The DIYMA R12 helps significantly with mid-bass however I am able to locate the sounds with a 125hz x-over point due to vibration. The slight cue pulls the stage a bit. Honestly, it's something I notice but nobody else does. I have not added any matting to panels. I attempted playing the mids as low as 63hz but my door panels will sometimes rattle at higher volumes. In addition, I'm a bigger fan of the mid-bass from the R12 than the 346is.

I attempted active since I haven't installed any rear fill and I couldn't tame the tweeters at all. It was pretty aggrivating but I was dealing with a few too many problems at once so I decided to back to passive for less of a learning curve. However, starting over with that is what really opened up my sound. I began to go through with a thorough method and I've only changed one or two items every few days. Now, every time somebody rides in the car they can immediately tell the difference.

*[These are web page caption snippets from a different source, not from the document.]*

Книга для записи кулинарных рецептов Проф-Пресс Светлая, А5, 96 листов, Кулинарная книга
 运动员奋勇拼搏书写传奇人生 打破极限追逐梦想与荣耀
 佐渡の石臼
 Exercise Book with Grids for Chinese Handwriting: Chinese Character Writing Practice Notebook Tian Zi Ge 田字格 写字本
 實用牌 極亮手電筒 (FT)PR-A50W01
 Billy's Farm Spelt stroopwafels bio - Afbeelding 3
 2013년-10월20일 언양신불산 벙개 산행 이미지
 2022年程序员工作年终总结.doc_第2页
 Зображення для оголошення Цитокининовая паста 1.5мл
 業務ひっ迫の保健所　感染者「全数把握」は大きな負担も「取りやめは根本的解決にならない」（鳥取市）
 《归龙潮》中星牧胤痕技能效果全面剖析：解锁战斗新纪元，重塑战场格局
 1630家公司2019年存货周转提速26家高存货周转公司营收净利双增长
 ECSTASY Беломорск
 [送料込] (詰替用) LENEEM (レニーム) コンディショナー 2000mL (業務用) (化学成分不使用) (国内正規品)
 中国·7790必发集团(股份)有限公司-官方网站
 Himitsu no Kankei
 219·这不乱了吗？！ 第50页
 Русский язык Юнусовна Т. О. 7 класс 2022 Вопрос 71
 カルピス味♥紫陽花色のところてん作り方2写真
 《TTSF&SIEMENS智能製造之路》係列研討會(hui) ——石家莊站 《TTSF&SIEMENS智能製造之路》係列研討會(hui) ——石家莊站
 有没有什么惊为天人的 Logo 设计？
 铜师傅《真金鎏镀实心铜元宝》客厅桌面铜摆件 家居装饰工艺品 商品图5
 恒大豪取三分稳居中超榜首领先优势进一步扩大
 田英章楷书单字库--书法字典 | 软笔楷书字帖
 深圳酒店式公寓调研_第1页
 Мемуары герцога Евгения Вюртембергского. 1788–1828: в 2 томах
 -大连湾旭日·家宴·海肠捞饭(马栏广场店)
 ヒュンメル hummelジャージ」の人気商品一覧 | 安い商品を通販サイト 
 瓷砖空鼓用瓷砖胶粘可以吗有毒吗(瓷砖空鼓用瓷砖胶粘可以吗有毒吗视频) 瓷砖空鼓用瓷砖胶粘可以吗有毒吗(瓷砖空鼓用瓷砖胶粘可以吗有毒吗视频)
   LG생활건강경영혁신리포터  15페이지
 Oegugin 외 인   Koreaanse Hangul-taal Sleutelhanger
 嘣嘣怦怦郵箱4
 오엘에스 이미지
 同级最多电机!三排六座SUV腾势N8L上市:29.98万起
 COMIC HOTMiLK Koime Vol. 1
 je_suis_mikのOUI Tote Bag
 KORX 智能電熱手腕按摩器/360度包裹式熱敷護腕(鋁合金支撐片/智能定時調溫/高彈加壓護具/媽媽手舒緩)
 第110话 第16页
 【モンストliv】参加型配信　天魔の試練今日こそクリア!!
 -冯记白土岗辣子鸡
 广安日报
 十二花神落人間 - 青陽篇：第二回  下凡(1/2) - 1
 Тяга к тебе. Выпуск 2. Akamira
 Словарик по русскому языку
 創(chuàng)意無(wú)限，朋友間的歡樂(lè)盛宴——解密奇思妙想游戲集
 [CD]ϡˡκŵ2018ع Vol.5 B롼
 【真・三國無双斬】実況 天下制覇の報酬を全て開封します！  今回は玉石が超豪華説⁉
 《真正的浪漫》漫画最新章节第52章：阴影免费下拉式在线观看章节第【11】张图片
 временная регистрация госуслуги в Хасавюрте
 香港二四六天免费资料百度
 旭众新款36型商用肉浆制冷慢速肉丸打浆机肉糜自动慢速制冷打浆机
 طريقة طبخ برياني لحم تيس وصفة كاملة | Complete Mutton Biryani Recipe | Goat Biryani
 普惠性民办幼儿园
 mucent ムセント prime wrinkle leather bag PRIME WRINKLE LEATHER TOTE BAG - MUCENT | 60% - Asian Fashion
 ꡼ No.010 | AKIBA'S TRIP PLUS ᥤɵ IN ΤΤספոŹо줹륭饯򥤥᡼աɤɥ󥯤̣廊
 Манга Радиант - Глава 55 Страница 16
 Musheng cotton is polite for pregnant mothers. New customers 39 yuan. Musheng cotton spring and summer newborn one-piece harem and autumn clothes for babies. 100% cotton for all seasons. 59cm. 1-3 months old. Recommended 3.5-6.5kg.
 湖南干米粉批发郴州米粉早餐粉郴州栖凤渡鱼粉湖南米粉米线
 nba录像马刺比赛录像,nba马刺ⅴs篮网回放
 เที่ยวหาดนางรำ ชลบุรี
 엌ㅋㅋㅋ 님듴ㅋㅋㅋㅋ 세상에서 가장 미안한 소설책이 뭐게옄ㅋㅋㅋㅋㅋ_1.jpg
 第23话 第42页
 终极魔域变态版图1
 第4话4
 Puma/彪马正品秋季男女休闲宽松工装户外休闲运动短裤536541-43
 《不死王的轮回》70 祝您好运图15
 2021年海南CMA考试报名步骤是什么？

The installation has already surpassed the expectations of my friends and family who know nothing about car audio. The stage is still sitting pretty close to my seated position and I wish I had kick panels. Leaning forward just a bit reveals a much better sound on-axis with these speakers. But again, I should be able to reproduce that with some EQ work to the off-axis response I'm receiving.

In the end, I'm very happy thus far...still not what I want though and I have yet to use the Audiocontrol to help with the imaging or sound.

Focal discs sound amazing and Alpine's Speed of Sound is great too.


----------



## KARPE (Nov 9, 2008)

just wondering why use the 9887 AND the AudioControl?


----------



## I800C0LLECT (Jan 26, 2009)

KARPE said:


> just wondering why use the 9887 AND the AudioControl?


The audiocontrol is a 31 band EQ. It doesn't contain cross overs at all. Some people presume that a good installation will rid yourself the need of an EQ, let alone 31 bands + 2 parametric. However, I don't have the tools or experience so I'm attempting to make up for my lack of quality installation w/ processing.

The 9887 maintains cross over capability + T/A. The original thought was that if I matched it with the DQS then I'd get the most out of budget equipment without the headache of creating custom panels, kicks, etc. So I can retain stock locations for my equipment.

If you research through the forums you'll find that you can do a lot with an EQ. i.e. move the stage even.


----------



## brandont (Apr 22, 2005)

Great Job

Very neat and clean


----------



## Born2Rock (Aug 26, 2009)

Great install. I wish I could hear it.


----------



## I800C0LLECT (Jan 26, 2009)

I appreciate the responses. I'm actually kind of embarrassed when compared to other installs but it does sound pretty good thus far.


----------



## I800C0LLECT (Jan 26, 2009)

Update!


I went active over the holiday weekend  The mid-range was playing pretty low and you could tell. Now I'm crossing at 2.5khz w/24db slopes. The mids are bandpassed with an [email protected] w/12db slope. It has opened up the speakers much more in their stock locations and the sound is airy as opposed to muffle due to the location of the mid. The R12 really helps to keep the mid-bass up front but vibrations in my vehicle still help you localize. I crossed the mids that way to keep vibrations off the doors. Later down the road when I add dampening this will probably change. I'm going to add polyfill behind the mids and deaden the door panels + add foam.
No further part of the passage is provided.